**** Source material ****

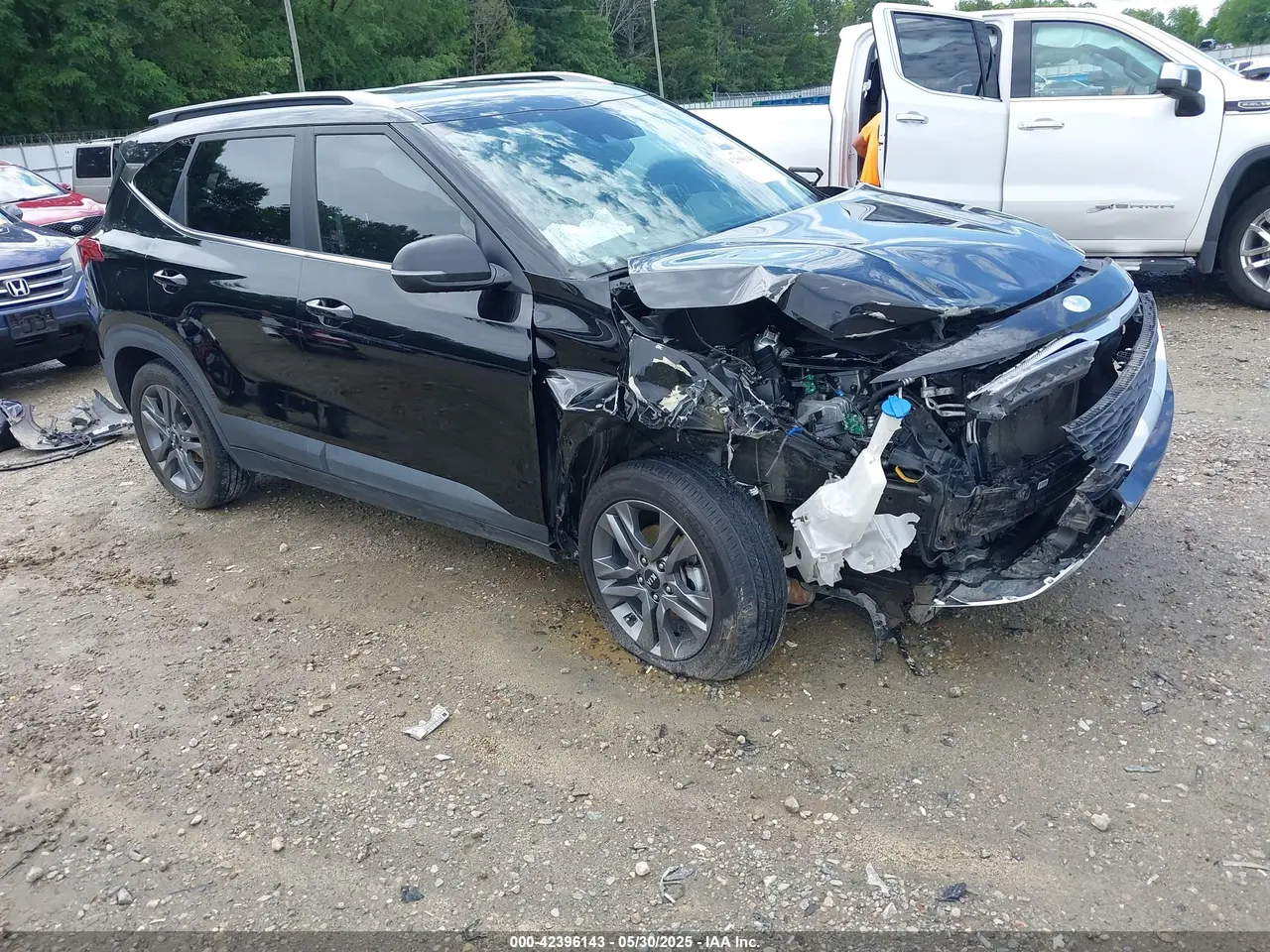 Kia Seltos S 2021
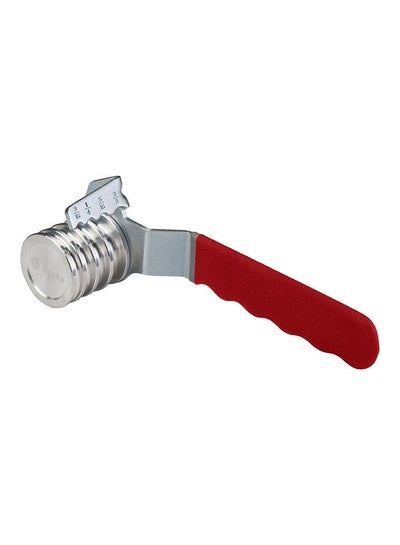 Buy Tube Bender 4 In 1 Silver/Red in UAE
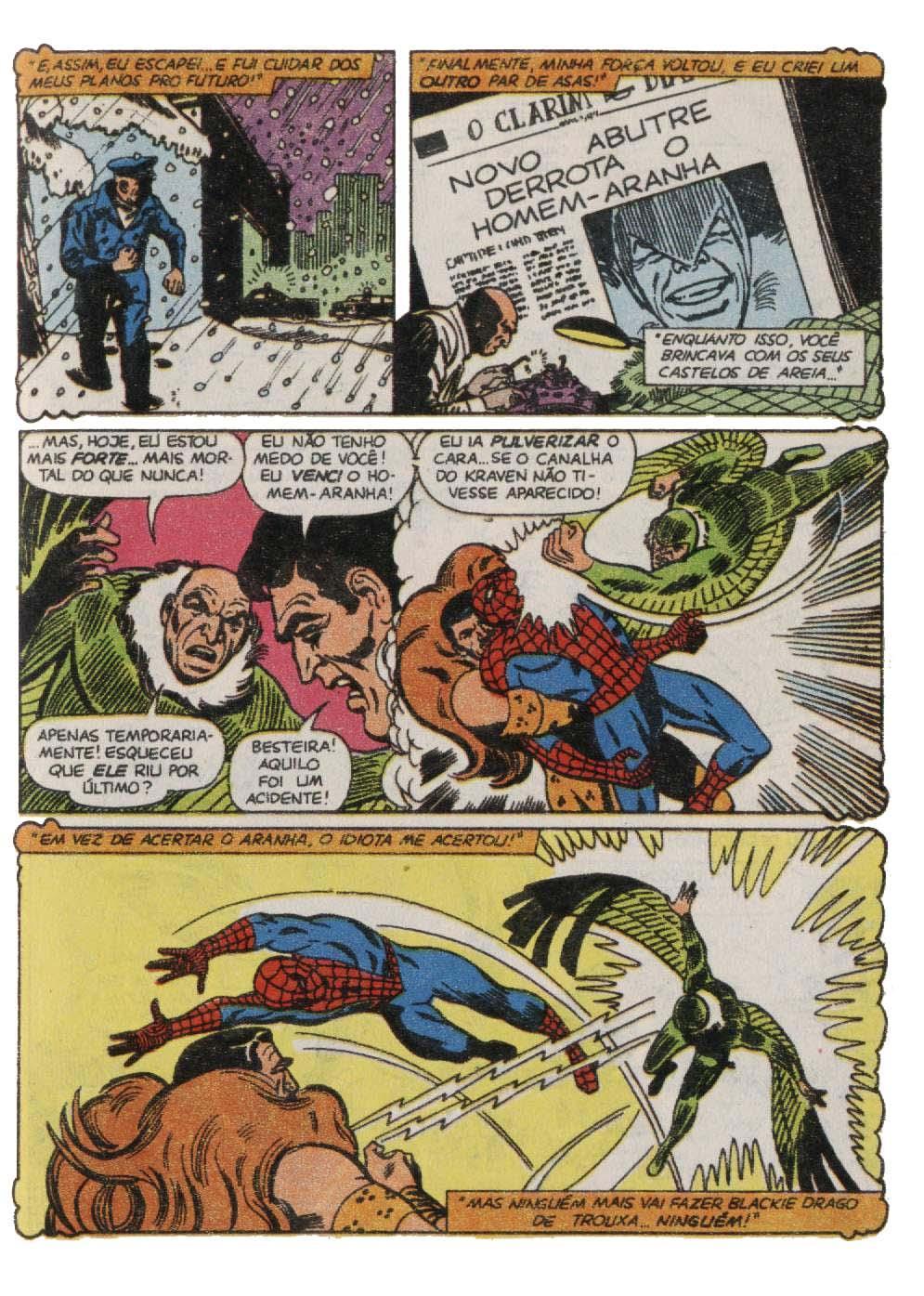 Read Amazing Spider Man (PT-BR) PT Manga Online
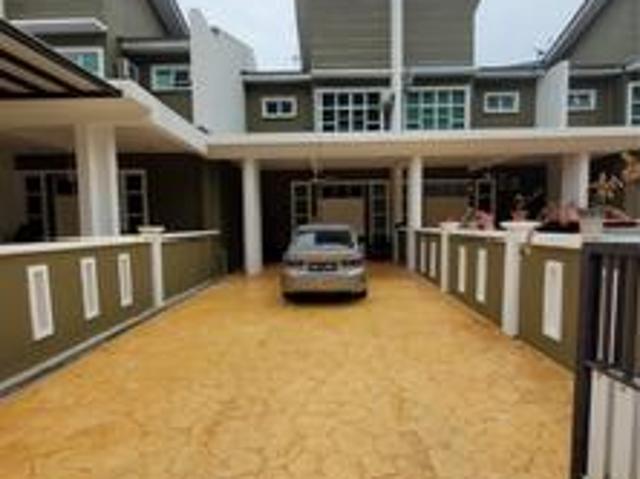Terraced House for rent in Tringganu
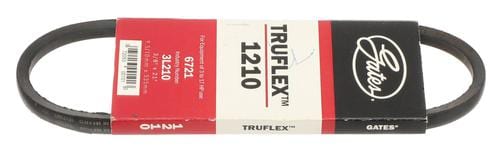 Gates TruFlex V-Belt 3/8 Inch x 21 Inch 1210 | O'Reilly Auto Parts
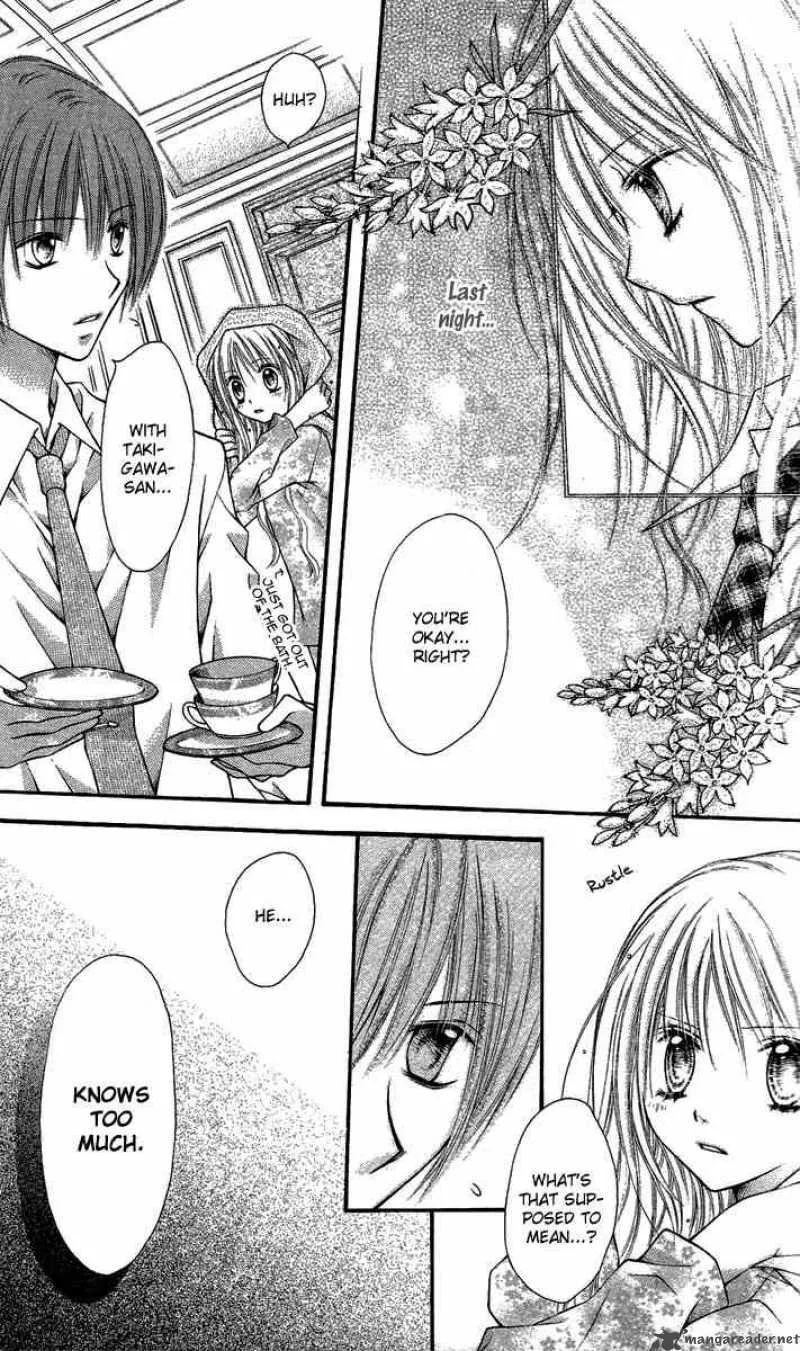Nagatachou Strawberry Chapter 5 page 8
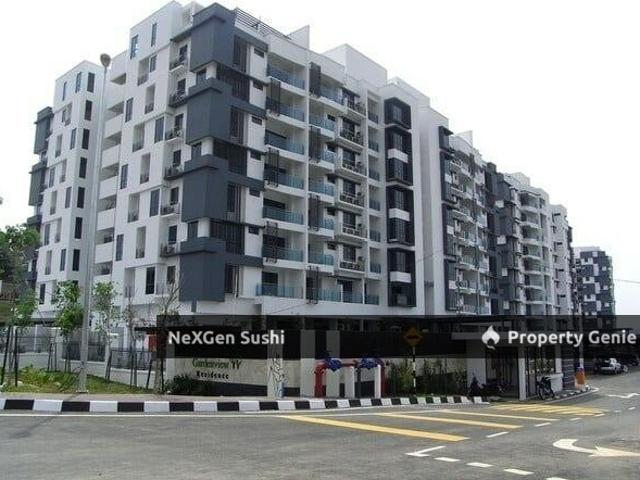 Gardenview Residence, Cyberjaya Save RM 123,000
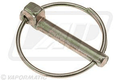 Goupille clip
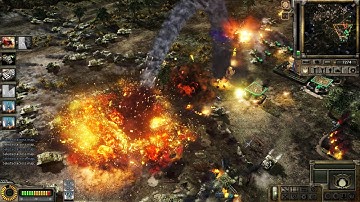 C&C Red Alert 3: Generals Evolution Mod BETA 0.3 - 1v1v1 Online Multiplayer | HUGE EPIC Clashes!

****

» Task item
Please leave the images out and retype the rest of the material exactly.

» Reply to the exercise
 Kia Seltos S 2021
 Buy Tube Bender 4 In 1 Silver/Red in UAE
 Read Amazing Spider Man (PT-BR) PT Manga Online
Terraced House for rent in Tringganu
 Gates TruFlex V-Belt 3/8 Inch x 21 Inch 1210 | O'Reilly Auto Parts
Nagatachou Strawberry Chapter 5 page 8
 Gardenview Residence, Cyberjaya Save RM 123,000
 Goupille clip
 C&C Red Alert 3: Generals Evolution Mod BETA 0.3 - 1v1v1 Online Multiplayer | HUGE EPIC Clashes!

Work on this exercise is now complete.